Trade organizations have submitted their regulatory wish lists to the NCUA as the agency prepares to undergo its annual rule review.
CUNA made 17 recommendations that cover a wide spectrum, including business loan flexibility, continuing to postpone proposed rules on loan participations, streamlining merger and FOM changes, treating interest on lawyers trust accounts (IOLTAs) as fiduciary accounts for share insurance purposes, and expanding the definition of “small credit union.”
“Regulators have many tools at their disposal and there are many steps that agencies could take to mitigate regulatory burdens for credit unions,” said CUNA President/CEO Bill Cheney in a letter to NCUA Chairman Debbie Matz. “We urge NCUA to be as proactive as possible, consistent with statutory requirements and reasonable safety and soundness expectations, to mitigate regulatory requirements for credit unions.”
CUNA also recommended the NCUA form an advisory council, which would discuss problem areas and trends and help identify regulatory burdens, barriers and incentives. The group could also serve as a useful sounding board as the agency develops proposals and directives for the credit union system, Cheney said.
Legal counsel Mary Dunn said CUNA will follow up with the NCUA, meeting with officials there to pursue the trade’s requests.
NASCUS, meanwhile, suggested recommendations that would benefit the state credit union system, including providing parity in some areas of NCUA's regulations and a consolidation of insurance rules in Part 741.
"NASCUS continues to take every opportunity to preserve and protect state authority in the oversight of state-chartered, federally insured credit unions," said NASCUS President/CEO Mary Martha Fortney. "Our comments for this year's Regulatory Review highlight a few areas where state law should be reinforced in the supervision of state charters."
First, NASCUS continues to encourage the NCUA to consolidate all insurance rules in Part 741 of NCUA’s Rules and Regulations.
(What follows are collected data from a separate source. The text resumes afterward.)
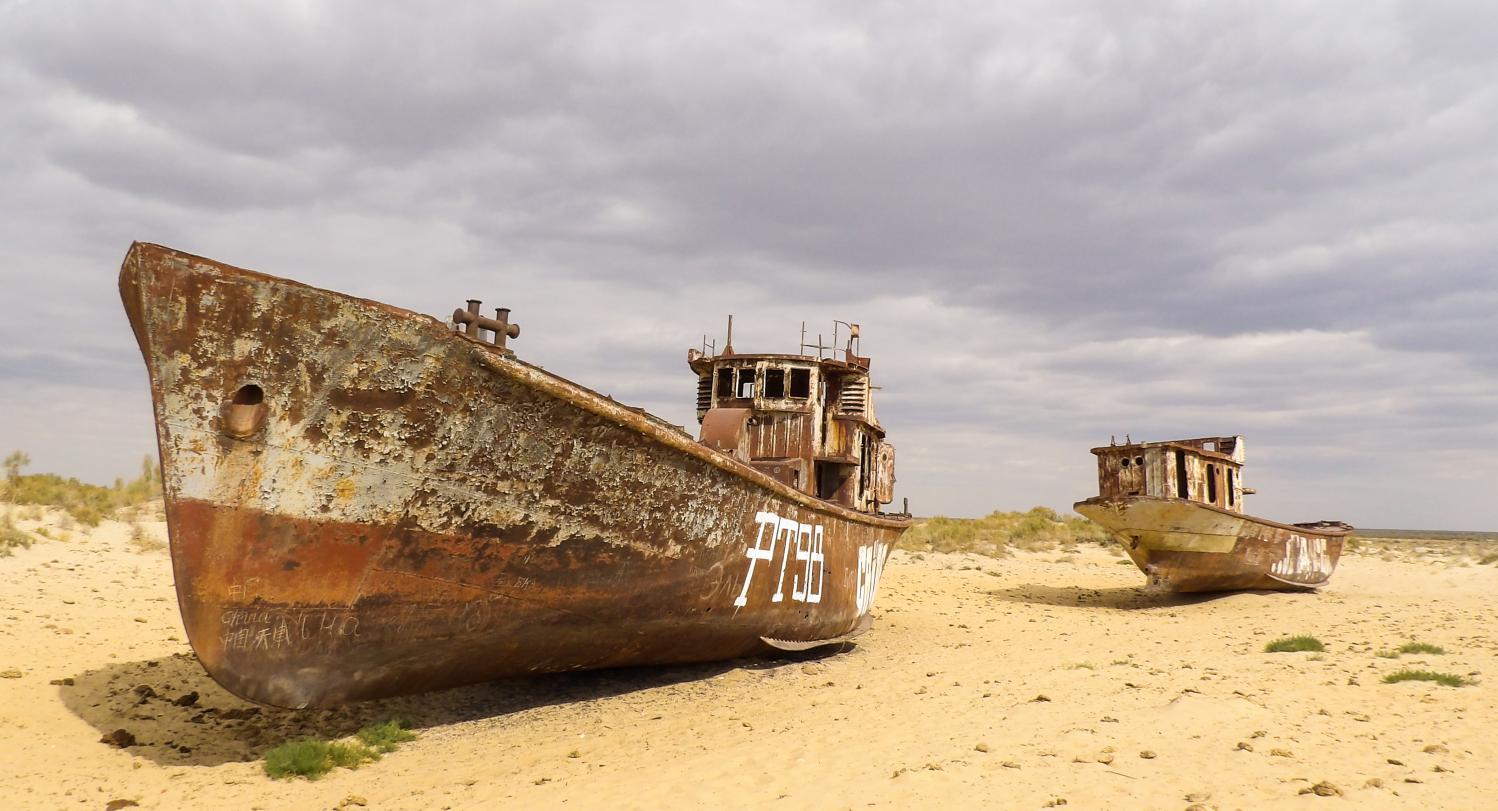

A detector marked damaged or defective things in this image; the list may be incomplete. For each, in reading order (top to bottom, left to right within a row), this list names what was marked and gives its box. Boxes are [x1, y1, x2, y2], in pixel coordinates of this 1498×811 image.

large rusted shipwreck [116, 242, 904, 704]
rusted metal hull [116, 242, 904, 704]
smaller rusted shipwreck [119, 242, 910, 704]
peeling paint on hull [119, 242, 910, 704]
smaller rusted shipwreck [1072, 431, 1354, 590]
large rusted shipwreck [1072, 431, 1354, 590]
peeling paint on hull [1078, 488, 1348, 590]
rusted metal hull [1072, 494, 1354, 587]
Federally insured, state-chartered credit unions must reference rules in both Part 741 and in applicable rules incorporated by reference in areas for federal credit unions.
Regarding loan participation regulations, NASCUS recommends eliminating the requirement of regional director approval when purchasing a loan participation interest at an institution not insured by the share insurance fund. This provision is more restrictive toward state-chartered credit unions than for federal credit unions.
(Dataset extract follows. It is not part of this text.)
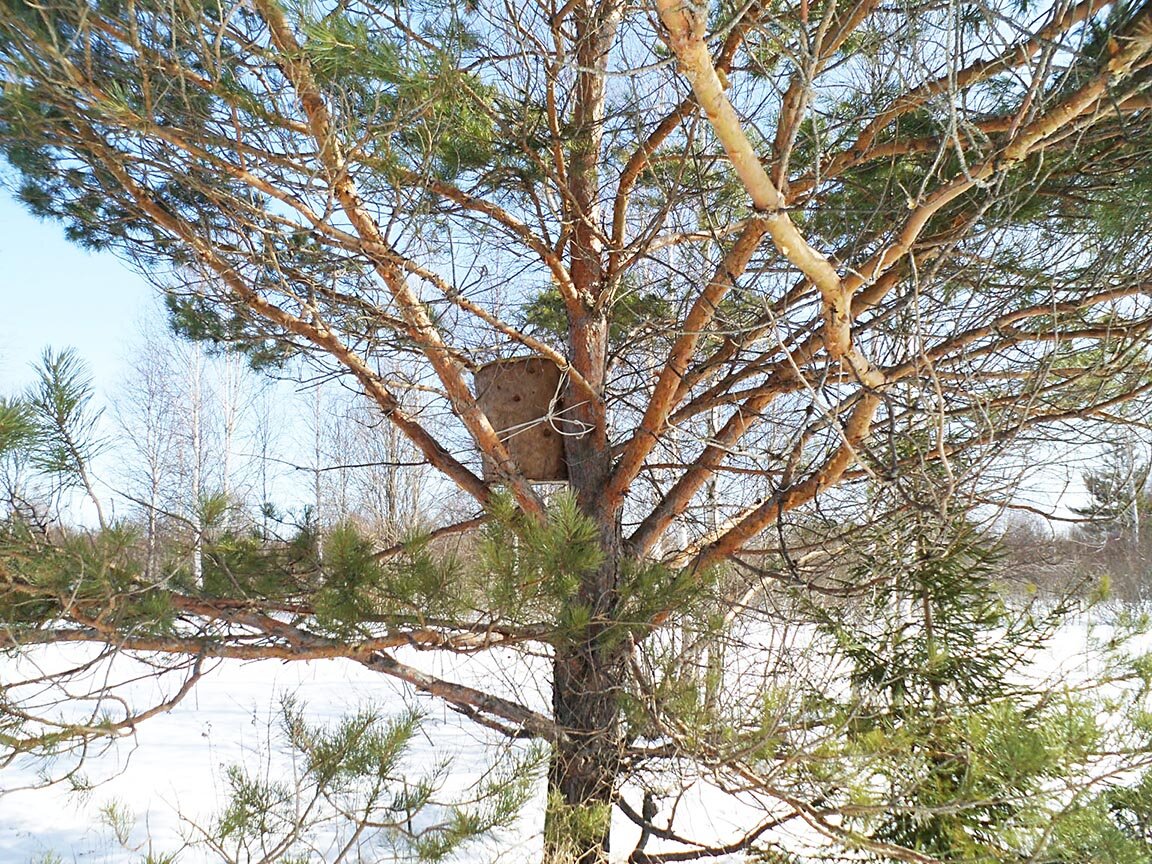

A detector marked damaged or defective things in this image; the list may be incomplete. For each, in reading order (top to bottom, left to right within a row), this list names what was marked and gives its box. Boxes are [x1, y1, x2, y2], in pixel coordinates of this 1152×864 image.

"There is no compelling reason for the different standards for state and federally chartered institutions with respect to participation loans," NASCUS stated in its letter. "NASCUS recommends NCUA streamline the rules regarding loan participations to apply equally to state and federal credit unions."
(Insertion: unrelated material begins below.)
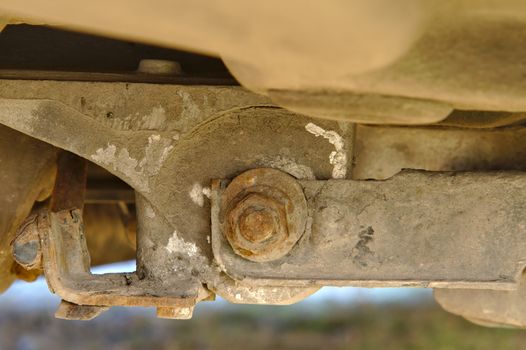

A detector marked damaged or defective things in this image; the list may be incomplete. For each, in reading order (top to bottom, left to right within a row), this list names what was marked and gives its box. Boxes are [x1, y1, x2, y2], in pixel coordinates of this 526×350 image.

Additionally, NASCUS suggested the agency make parity changes to Part 701.21, Loans to Members and Lines of Credit to Members, to align it with the treatment of state Member Business Lending rules in Part 723.20. NASCUS also recommends parity changes in 701.32, Payments on Shares by Public Units and Nonmembers, and encouraged the agency to include exemption language and defer to state law for certain areas of its conversion and merger rules.
The NCUA reviews all its existing regulations every three years, with the Office of General Counsel maintaining a rolling review schedule that identifies one-third of existing regulations for review each year.